Earlier this month, Paramount secured the U.S. Justice Department’s blessing to buy the Warner assets, which include CNN, HBO, Cartoon Network, Animal Planet and the Warner Bros. film and TV studios in Burbank.
Paramount also must win the approval of British and European regulators, who are known for drilling deeply into media matters because of their influence on society.
Britain’s Competition and Markets Authority took a preliminary step this month by opening an investigation into Ellison’s proposed merger.
On Tuesday, Lisa Nandy, Britain’s Secretary of State for Culture, Media and Sport, notified Parliament that she was inclined to intervene in the blockbuster deal.

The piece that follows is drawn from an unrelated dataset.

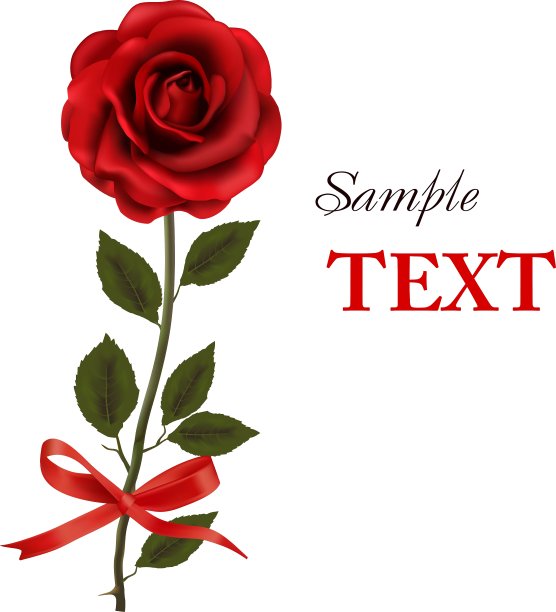 红玫瑰，带蝴蝶结和丝带图片下载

In a written statement, Nandy cited her ability to weigh in on “public interest grounds,” due to concerns about maintaining a competitive media market in Britain.
“The UK’s move to intervene in the Paramount–WBD deal confirms what we’ve been saying for months. The real regulatory risk was never in the US — it’s in Europe,” Forrester VP Research Director Mike Proulx said Tuesday in a statement.
While Nandy cautioned she has not made “a final decision on intervention at this stage,” she has invited Paramount and Warner Bros. to respond to her concerns by July 6.
June 2026 photo of Culture, Media and Sport Secretary Lisa Nandy arriving at Downing Street for the weekly Government cabinet meeting in London.
(Alishia Abodunde/Getty Images)
Paramount did not offer immediate comment.
The company owns CBS News, children’s channel Nickelodeon and Channel 5, one of the largest over-the-air television broadcasters in the United Kingdom.
Warner Bros. Discovery owns CNN, Cartoon Network and TNT Sports, which broadcasts the Olympics, Champions League and Premier League soccer matches.
“I am conscious that the proposed acquisition is global in nature,” Nandy wrote in her statement. “In reaching this decision, my focus has been, and will remain, on the UK public interest and the range of services available to UK audiences, including Channel 5, TNT Sports, Cartoon Network, Nickelodeon, and CNN International, as well as Paramount+ and HBO Max.”
If Nandy decides to intervene, the Office of Communications, known as Ofcom, would launch an assessment of the deal. Britain’s Competition and Markets Authority also would determine how the merger might reshape the competitive landscape.
Teams from the two companies have been huddling for months to plan for the melding of the two operations as soon as Paramount receives all of its regulatory approvals.
Australia, New Zealand, China, Saudi Arabia, Ukraine, Serbia, France and Italy have already given their approvals to the deal.
Saudi Arabia’s Public Investment Fund is planning to contribute $10 billion to help the billionaire Ellison family pull off the merger, which would make the Saudi royal family a significant, although passive, equity owner. In addition, the royal families of Qatar and Abu Dhabi have agreed to each contribute $7 billion in equity financing.
The Federal Communications Commission must evaluate the foreign ownership stakes due to Paramount’s holding of CBS broadcast licenses. U.S. antitrust regulators already have concluded the combination would not violate federal anticompetition laws.
Approval had been expected because President Trump — who has friendly ties with Ellison and his father, tech billionaire Larry Ellison — favors the deal.
Trump has been eager for changes at CNN.
The U.S. government stopped short of asking Paramount to make concessions or divestitures. Many expect that Paramount may have to reconfigure its children’s television holdings abroad due to the proposed combination of two large players — Nickelodeon and Cartoon Network.
Nandy suggested that Britain also should scrutinize the impact of combining two major streaming services HBO Max, a Warner property, with Paramount+.
HBO programming, including “Game of Thrones,” “Boardwalk Empire,” and “Succession,” has long been popular in Britain.
A coalition of state attorneys general, led by California Atty. Gen. Rob Bonta, also is expected to challenge the deal, in part, due to concerns about news media consolidation. Bonta’s office has said the matter remains under review.
Opposition to the deal has been building in the U.S. for months. A group of Hollywood activists — led by actors Jane Fonda and Mark Ruffalo — have spearheaded a “block the merger” campaign that now has support from more than 5,000 entertainment workers.
The group’s open letter calls on Bonta to take action to thwart the Ellison expansion effort. Paramount’s Chief Legal Officer Makan Delrahim has blasted the campaign, calling it “fear-mongering” and a partisan distortion of antitrust law.
Forrester’s Proulx noted differences in attitudes toward the deal among the various constituencies.
“For US consumers, this merger has become a proxy fight about political influence and control of media,” Proulx said. “In the UK, it’s being treated as a structural competition issue where regulators, not consumers, will decide how this deal plays out and how long it takes.”